## Tuesday, June 7, 2011

### Today's Distraction...

For the past month or so I have been working my way through Cosma Shalizi's excellent course on data analysis.  Today I distracted myself from my own research by playing with Smoothing Splines (Cosma's Lecture 11).  Everything below was done in R.

First, I grabbed some historical data for the S&P 500 from Yahoo finance using the get.hist.quote() function from the tseries library.  I pulled down daily, weekly, and monthly data starting on 3 January 1950 and ending 31 Dec 2010 (start and end dates are for daily data).  I then constructed S&P 500 returns by taking the first-difference of the logarithm of the S&P 500 Adjusted Closing Price.   Here are (probably familiar) time series plots of the daily returns and a density plot...
Note that stock returns exhibit clustered volatility and are negatively skewed with significantly heavier tails than one would expect if returns were Gaussian.  On a side note (related to my current research), a couple of years ago some researchers at the Santa Fe Institute (specifically Stefan Thurner, J. Farmer, and John Geanakoplos) published a paper titled "Leverage Causes Fat Tails and Clustered Volatility."  Their model also predicts that returns should be negatively skewed (a point I think they should have included in the title).

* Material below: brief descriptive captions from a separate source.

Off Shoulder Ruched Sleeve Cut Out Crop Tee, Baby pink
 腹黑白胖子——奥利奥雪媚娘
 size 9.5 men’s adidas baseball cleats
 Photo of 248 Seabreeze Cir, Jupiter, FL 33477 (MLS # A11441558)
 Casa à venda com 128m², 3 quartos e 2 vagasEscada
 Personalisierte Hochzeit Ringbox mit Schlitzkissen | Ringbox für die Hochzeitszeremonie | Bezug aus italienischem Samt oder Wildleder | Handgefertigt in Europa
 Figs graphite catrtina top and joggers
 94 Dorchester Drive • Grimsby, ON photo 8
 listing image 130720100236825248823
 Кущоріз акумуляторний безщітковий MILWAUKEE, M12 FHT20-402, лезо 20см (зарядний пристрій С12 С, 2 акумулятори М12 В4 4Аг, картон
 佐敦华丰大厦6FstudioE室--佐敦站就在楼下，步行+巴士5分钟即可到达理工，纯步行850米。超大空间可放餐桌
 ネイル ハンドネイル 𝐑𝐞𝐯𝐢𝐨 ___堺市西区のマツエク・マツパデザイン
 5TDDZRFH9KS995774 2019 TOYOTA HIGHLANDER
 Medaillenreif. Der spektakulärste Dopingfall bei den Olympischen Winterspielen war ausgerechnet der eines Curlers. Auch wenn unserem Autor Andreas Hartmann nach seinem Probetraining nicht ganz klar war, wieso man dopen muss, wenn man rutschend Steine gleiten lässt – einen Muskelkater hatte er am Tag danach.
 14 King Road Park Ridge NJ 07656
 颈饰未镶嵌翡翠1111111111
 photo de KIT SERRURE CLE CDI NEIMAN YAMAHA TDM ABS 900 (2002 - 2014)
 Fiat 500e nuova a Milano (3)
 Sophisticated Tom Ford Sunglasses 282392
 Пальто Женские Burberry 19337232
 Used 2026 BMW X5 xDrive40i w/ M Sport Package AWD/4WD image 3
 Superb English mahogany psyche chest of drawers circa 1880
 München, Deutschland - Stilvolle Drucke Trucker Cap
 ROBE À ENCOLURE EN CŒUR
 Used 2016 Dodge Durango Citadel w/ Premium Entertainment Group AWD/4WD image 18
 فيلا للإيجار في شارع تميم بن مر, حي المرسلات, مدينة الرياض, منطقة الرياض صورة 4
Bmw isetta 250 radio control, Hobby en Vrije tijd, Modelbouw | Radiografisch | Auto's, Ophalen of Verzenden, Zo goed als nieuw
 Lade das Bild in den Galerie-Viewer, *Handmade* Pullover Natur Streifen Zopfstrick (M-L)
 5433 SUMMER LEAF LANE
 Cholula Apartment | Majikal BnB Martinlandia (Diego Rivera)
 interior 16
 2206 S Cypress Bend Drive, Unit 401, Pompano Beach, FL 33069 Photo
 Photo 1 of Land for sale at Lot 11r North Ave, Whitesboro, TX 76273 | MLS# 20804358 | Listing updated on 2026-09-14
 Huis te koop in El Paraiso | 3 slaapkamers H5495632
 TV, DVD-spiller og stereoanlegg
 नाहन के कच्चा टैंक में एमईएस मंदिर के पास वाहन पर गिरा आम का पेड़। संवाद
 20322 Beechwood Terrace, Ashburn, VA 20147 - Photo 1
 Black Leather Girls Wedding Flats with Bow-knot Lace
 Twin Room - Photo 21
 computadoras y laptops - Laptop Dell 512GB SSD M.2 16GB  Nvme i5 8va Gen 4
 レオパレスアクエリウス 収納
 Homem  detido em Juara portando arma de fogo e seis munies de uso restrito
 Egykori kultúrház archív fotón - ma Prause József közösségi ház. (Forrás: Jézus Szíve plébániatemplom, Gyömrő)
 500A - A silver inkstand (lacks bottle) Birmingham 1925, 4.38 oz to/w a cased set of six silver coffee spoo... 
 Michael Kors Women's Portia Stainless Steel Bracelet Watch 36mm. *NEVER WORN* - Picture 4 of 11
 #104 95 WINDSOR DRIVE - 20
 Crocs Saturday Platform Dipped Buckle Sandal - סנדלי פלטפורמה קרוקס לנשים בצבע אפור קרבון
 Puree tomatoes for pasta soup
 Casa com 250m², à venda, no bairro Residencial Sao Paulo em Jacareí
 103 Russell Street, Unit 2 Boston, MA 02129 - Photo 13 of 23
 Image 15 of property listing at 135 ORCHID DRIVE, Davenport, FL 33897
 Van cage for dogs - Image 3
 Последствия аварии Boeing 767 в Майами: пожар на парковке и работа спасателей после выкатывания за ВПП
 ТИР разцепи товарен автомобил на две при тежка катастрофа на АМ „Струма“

Back to learning about splines! Is today's S&P 500 return useful in predicting tomorrow's S&P 500 return?  For the null hypothesis, I take a strongish form of the Efficient Market Hypothesis (EMH):
• Ho: Stock prices follow a random walk with a drift (i.e., returns should be mean zero white noise)
For alternative hypotheses, I use a brutally simple parametric model, and then what ever functional form the smoothing spline finds
• HA,1: rt+1 = β0 + β1 rt + εt
• HA,2: Whatever the smoothing spline kicks out
To test the null against the parametric alternative, we simply need to test the joint restriction that β0=β1=0.  Presumably to test the smoothing spline, we need to calculate some 95% confidence bands for the fitted spline and then look to see if the confidence bands contain the curve (really a line) predicted by the null hypothesis.  This is my first time using splines, so if anyone out there knows whether a better way (or a book) about how to do hypothesis testing with smoothing splines, I would be interested in hearing from you.

Here is a scatter plot of tomorrow's return against today's return.  I fit a simple linear regression to the data and plotted the curve in gray.  While both the slope and intercept terms are very significant (p-values essentially zero for both), it is worth noting that the standard confidence intervals are not valid (much too narrow) given the blatant violation of Gauss-Markov assumptions for the regression.  More work needs to be done before we can take this as evidence against the EMH null (since this post is about smoothing splines I am going to simply state that I would be surprised if, after calculating appropriate standard errors (either using bootstrapping, or some type of heteroskedastic robust standard errors, etc), the parameter results were still significant...but maybe!)

The smoothing spline is in orange.  I used the smooth.spline() function in R to fit the spline (using leave-one-out cross-validation to pick the optimal penalty for the curvature).
If stock prices reflect all relevant information about the value of the stock, then one would expect that today's return should be pretty useless in predicting tomorrow's return (thus under the null the true regression line should be the dotted red line in the above scatter).

But what about the smoothing spline?  A few things:
1. While the regression line is positively sloped, the smoothing spline is negatively sloped for larger negative and large  positive values of today's return.
2. The asymmetry.  The slope of the smoothing spline is more negative for large negative values of today's return (compared with the slope of the smoothing spline for large positive values of today's return).
3. Outliers:  The October 1987 stock market crash looms large in the data. How sensitive is the estimated smoothing spline to these 1-2 observations?
4. Is the asymmetry of the smoothing spline a statistical artifact?
5. Most importantly, despite the dramatic appearance, is the smoothing spline significantly different than the dotted red line?
I am going to focus on point 5 for the rest of the post.  I calculated 95% confidence bands for the smoothing spline using a bootstrap re-sampling of the data points.  Basically, I re-sampled (with replacement) the stock return data creating a new synthetic data set, fit a smoothing spline to this new data set, and then repeated the process a bunch of times to build up a distribution that I could use to create the confidence bands.
For the most part, the dotted-red line lies entirely within the 95% confidence band for the smoothing spline (if you squint you can kind of see a small portion of the dotted-red line that lies outside the bands).  So despite the dramatic appearance of the smoothing spline I would say that we can not statistically distinguish it from the dotted-red line.

I was curious to see what the above plot might look like if I used weekly and monthly S&P 500 returns instead of daily returns...

Weekly Returns:

Monthly Returns:

I was surprised at how different the daily, weekly, and monthly smoothing splines turned out to be...still in all three cases the 95% confidence bands for the smoothing spline contain (almost completely) the red-dotted line.  I will have a think as to why they are so different, and perhaps follow up with another post.  My R code will be posted as soon as I have time to get my Google Code page up and running...until then feel free to email me (or leave email in a comment) and I will send it to you.

Update: As pointed out in a comment below, EMH predicts stock returns should follow a random walk with a drift...which implies that the dotted-red line doesn't necessarily need to have a zero intercept.  One would hope that the drift is slightly positive!